Die Autorin
Stefanie LüttekeAssociate Partnerin und Head of Sales & Operations NRW, Drees & Sommer
Da fast alle anderen Branchen und Sektoren Gebäude und Infrastrukturen benötigen, kann sich die Bau- und Immobilienwirtschaft deren Bedarfen anpassen und flexibel auf wechselnde Investitionsflüsse reagieren. Ein langfristiges Wirtschaftswachstum ist ohne das Bauen und Revitalisierungen von Gebäuden und Infrastruktur nicht möglich. Warum also nicht die Bau- und Immobilienwirtschaft als eigenen Treiber für Wachstum begreifen und nicht als Leidtragende einer holprigen Gesamtwirtschaft?
Die Fundamentaldaten sind in den meisten Assetklassen solide. Die Assetklasse Residential hat – wie allseits bekannt – ein gravierendes Unterangebot in den urbanen Zentren. Durch die weiter steigende Nachfrage wird sich dies noch verschärfen. Auch die Assetklasse Logistik verzeichnet eine langfristig positive Perspektive und ist für die vorteilhafte Entwicklung der Gesamtwirtschaft unerlässlich.

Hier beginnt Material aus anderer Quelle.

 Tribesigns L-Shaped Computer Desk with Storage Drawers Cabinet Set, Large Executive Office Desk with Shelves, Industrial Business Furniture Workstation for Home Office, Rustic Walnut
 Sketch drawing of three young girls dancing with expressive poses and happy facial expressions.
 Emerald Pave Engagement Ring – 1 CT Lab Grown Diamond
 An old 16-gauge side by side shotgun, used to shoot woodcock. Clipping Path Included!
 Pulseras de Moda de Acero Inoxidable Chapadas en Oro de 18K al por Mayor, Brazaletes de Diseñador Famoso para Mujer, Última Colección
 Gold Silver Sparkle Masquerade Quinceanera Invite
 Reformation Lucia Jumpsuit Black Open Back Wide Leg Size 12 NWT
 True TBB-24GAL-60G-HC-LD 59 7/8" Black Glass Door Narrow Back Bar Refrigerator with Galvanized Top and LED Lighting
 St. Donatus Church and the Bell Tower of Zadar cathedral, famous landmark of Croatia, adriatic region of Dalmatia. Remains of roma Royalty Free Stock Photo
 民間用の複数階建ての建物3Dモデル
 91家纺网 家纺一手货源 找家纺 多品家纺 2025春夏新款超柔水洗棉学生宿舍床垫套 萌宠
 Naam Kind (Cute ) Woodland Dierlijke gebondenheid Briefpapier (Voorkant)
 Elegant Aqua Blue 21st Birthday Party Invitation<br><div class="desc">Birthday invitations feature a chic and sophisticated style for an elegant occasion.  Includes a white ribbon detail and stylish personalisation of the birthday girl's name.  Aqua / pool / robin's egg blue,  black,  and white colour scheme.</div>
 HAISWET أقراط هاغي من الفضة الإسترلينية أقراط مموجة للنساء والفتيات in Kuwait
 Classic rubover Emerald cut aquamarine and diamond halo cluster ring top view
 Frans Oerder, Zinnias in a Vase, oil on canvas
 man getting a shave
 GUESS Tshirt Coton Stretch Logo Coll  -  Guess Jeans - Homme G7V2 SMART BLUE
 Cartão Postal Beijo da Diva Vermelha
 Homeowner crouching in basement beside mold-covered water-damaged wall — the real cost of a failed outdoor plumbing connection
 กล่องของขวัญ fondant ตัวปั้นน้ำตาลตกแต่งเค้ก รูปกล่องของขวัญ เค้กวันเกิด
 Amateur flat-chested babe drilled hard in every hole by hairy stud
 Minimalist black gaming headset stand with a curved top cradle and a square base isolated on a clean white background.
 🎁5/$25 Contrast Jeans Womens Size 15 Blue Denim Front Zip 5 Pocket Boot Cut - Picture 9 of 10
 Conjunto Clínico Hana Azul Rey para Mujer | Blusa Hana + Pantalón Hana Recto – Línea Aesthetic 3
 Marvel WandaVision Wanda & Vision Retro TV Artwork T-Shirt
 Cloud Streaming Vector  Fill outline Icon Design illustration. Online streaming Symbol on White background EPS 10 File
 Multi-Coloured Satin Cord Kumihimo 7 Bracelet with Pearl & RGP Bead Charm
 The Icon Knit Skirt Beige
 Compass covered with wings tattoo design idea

Bei der sozialen Infrastruktur, z.B. bei Schulen, Krankenhäusern und öffentlichen Einrichtungen, liegt die ausbleibende Bautätigkeit ebenfalls nicht am fehlenden Bedarf. In der technischen Infrastruktur werden sich nicht getätigte Investitionen in Gebäude und Infrastruktur sogar wirtschaftlich negativ auswirken. Wenn man auf die Bedarfe schaut, ist aktuell also ein sehr günstiger Moment für neue Projekte und strategisches Wachstum. Die Realität zeigt aber ein anderes Bild – Abwarten anstatt Weitermachen.
Projekte rechnen sich nicht. Wer aber glaubt, dass die Baukosten und Zinsen noch deutlich sinken, könnte den Zeitpunkt verpassen sich für die Zukunft aufzustellen.
Die aktuell wieder zunehmende Verfügbarkeit von Bauunternehmen und der spürbar zugenommene Wettbewerb suggerieren, dass bald wieder mit den alten Geschäftsmodellen weitergemacht werden kann. Die notwendige Transformation der Branche erscheint nicht mehr notwendig. Was wir beim Bauen der Zukunft aber wirklich brauchen ist eine deutliche Effizienz-Steigerung. Projekte müssen von der ersten Idee an digital gedacht und geplant werden. Aus der digitalen Single-Source-of-Truth lassen sich digitale und automatisierte Bauprozesse generieren.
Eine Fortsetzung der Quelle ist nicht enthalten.